The strained cyclic amides known as β-lac­tams have shown up in the skeletons of many medicinally important molecules, including the antibiotic penicillin and the cardiac drug Zetia (ezetimibe). Chemists at the University of Cambridge have developed a new way (shown) to make this structural motif by using a palladium catalyst to join aliphatic secondary amines and carbon monoxide gas in a process that involves C–H activation followed by carbonylation (Science 2016, DOI: 10.1126/science.aaf9621).

Reaction scheme showing Pd-catalyzed transformation of secondary amines and carbon monoxide to β-lactams.
Pd-catalyzed reaction makes β-lactams from secondary amines and carbon monoxide.

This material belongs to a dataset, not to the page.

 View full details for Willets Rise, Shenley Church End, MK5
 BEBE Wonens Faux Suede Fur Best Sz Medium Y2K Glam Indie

The reaction tolerates a broad range of functional groups and can be used on a molecule that’s fairly complex, says Matthew J. Gaunt, who led the research effort. “Amines occur in most drugs, so there’s the potential chemists could use this methodology to perform late-stage C–H functionalization on an already complex molecule,” he says. “I think that could be very powerful for drug discovery.”

Mechanistic studies suggest that the reaction proceeds by a distinct reaction pathway, wherein a putative palladium anhydride forms. A carboxylate ligand on the palladium helps guide the secondary amine to attack the anhydride complex so that a carbamoyl-palladium species forms. C–H activation then leads to a five-membered ring containing nitrogen and a Pd atom. Finally, reductive elimination of the Pd gives the β-lactam product.

Stephen L. Buchwald, an organic synthesis expert at MIT, notes that, over the years, chemists have come up with many ingenious ways to make β-lactams. Buchwald adds, however, that “the C–H activation-carbonylation method reported by Gaunt and coworkers provides a particularly simple and elegant means of accessing this structural unit.” He says the route “is sure to find a great deal of use in the development of new pharmaceutical agents.”